> _WHAT YOU NEED TO DO_:
Could you transcribe every record below exactly as it stands?

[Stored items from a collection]
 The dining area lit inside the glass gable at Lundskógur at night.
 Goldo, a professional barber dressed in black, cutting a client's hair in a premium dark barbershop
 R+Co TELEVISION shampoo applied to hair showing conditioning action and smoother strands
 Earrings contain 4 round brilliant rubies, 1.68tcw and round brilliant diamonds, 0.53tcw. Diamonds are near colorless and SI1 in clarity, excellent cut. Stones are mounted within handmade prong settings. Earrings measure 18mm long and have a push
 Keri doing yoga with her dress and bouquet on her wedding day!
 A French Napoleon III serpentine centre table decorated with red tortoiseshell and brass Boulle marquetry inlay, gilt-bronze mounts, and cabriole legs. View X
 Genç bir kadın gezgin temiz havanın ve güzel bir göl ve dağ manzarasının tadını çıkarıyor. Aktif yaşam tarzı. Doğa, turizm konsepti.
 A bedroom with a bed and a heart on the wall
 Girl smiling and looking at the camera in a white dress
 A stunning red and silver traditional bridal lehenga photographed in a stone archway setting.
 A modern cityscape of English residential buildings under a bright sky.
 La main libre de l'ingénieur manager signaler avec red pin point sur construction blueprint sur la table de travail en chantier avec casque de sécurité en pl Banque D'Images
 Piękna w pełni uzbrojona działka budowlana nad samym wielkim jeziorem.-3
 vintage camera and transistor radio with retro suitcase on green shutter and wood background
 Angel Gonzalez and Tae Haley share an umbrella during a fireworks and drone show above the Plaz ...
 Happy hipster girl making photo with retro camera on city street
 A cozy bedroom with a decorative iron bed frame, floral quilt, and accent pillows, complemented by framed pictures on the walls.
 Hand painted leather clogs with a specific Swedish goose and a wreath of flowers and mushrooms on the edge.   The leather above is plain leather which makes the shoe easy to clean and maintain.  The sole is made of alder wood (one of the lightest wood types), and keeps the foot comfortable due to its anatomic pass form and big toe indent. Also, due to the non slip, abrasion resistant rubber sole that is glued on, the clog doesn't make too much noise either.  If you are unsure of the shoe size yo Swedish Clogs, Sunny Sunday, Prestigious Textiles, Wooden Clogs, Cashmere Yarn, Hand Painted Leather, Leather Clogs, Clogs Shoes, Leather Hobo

> _YOUR RESPONSE_:
 The dining area lit inside the glass gable at Lundskógur at night.
 Goldo, a professional barber dressed in black, cutting a client's hair in a premium dark barbershop
 R+Co TELEVISION shampoo applied to hair showing conditioning action and smoother strands
 Earrings contain 4 round brilliant rubies, 1.68tcw and round brilliant diamonds, 0.53tcw. Diamonds are near colorless and SI1 in clarity, excellent cut. Stones are mounted within handmade prong settings. Earrings measure 18mm long and have a push
 Keri doing yoga with her dress and bouquet on her wedding day!
 A French Napoleon III serpentine centre table decorated with red tortoiseshell and brass Boulle marquetry inlay, gilt-bronze mounts, and cabriole legs. View X
 Genç bir kadın gezgin temiz havanın ve güzel bir göl ve dağ manzarasının tadını çıkarıyor. Aktif yaşam tarzı. Doğa, turizm konsepti.
 A bedroom with a bed and a heart on the wall
 Girl smiling and looking at the camera in a white dress
 A stunning red and silver traditional bridal lehenga photographed in a stone archway setting.
 A modern cityscape of English residential buildings under a bright sky.
 La main libre de l'ingénieur manager signaler avec red pin point sur construction blueprint sur la table de travail en chantier avec casque de sécurité en pl Banque D'Images
 Piękna w pełni uzbrojona działka budowlana nad samym wielkim jeziorem.-3
 vintage camera and transistor radio with retro suitcase on green shutter and wood background
 Angel Gonzalez and Tae Haley share an umbrella during a fireworks and drone show above the Plaz ...
 Happy hipster girl making photo with retro camera on city street
 A cozy bedroom with a decorative iron bed frame, floral quilt, and accent pillows, complemented by framed pictures on the walls.
 Hand painted leather clogs with a specific Swedish goose and a wreath of flowers and mushrooms on the edge.   The leather above is plain leather which makes the shoe easy to clean and maintain.  The sole is made of alder wood (one of the lightest wood types), and keeps the foot comfortable due to its anatomic pass form and big toe indent. Also, due to the non slip, abrasion resistant rubber sole that is glued on, the clog doesn't make too much noise either.  If you are unsure of the shoe size yo Swedish Clogs, Sunny Sunday, Prestigious Textiles, Wooden Clogs, Cashmere Yarn, Hand Painted Leather, Leather Clogs, Clogs Shoes, Leather Hobo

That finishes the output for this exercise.